Supplied entries:
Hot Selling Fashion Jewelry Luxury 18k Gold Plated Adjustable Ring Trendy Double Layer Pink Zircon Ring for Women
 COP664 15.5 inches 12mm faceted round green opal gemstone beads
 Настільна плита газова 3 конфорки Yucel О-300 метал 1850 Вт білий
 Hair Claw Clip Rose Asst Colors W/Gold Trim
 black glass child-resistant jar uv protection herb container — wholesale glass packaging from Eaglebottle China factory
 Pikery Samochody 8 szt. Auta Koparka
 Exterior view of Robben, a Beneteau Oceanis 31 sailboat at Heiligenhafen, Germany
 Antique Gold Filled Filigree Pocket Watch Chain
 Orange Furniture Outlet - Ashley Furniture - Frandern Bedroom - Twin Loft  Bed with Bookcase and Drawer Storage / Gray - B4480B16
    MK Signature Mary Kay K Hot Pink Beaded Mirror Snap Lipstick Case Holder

Task instructions: Output the number of lines in the records above that contain the string "Gold", and no other text.

The answer: 3